Trump last week nominated Haspel, currently Central Intelligence Agency deputy director, to become director after he picked CIA Director Mike Pompeo for secretary of state.

The announcement prompted objections over connections Haspel, who oversaw a "black site" prison in Thailand, may have had to the use of waterboarding and other brutal interrogation techniques widely seen as torture for years after the Sept. 11, 2001, attacks.

McCain was tortured as a prisoner of war in Vietnam. He is a strong opponent of the use of waterboarding, sleep deprivation and other so-called "enhanced interrogation techniques."

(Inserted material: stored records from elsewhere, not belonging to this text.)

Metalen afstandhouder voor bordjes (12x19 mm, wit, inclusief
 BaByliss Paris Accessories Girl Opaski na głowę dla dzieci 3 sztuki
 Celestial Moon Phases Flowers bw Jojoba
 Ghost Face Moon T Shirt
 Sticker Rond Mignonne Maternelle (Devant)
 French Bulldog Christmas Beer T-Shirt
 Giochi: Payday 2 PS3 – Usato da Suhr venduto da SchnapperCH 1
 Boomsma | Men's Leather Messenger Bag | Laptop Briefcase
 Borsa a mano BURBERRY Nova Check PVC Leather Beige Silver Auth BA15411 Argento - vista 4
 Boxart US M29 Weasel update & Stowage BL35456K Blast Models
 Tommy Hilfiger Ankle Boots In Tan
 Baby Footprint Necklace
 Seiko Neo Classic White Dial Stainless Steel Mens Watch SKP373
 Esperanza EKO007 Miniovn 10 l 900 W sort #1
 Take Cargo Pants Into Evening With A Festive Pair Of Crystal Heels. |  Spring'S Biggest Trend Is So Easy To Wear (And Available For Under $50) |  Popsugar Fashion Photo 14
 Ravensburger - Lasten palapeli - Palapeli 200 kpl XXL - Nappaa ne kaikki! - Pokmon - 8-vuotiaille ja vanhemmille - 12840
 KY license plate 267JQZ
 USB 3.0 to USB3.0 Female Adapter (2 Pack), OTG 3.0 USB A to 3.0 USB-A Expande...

"We now know that these techniques not only failed to deliver actionable intelligence but actually produced false and misleading information," McCain said in a letter to Haspel. "Most importantly, the use of torture compromised our values, stained our national honor, and threatened our historical reputation."

He asked for an account of Haspel's role in the detention and interrogation program, including whether she directed "enhanced interrogation techniques" or could have stopped them, and if she was directed to destroy tapes or other potential evidence of the use of "enhanced interrogation techniques."

Haspel helped draft a cable ordering the destruction of such a videotape, although her backers said another official sent it without consulting her.

Haspel could have trouble winning a majority vote in the 100-member Senate to be confirmed. Trump's Republicans hold 51 seats and one Republican, Rand Paul, has already announced that he will not support her nomination.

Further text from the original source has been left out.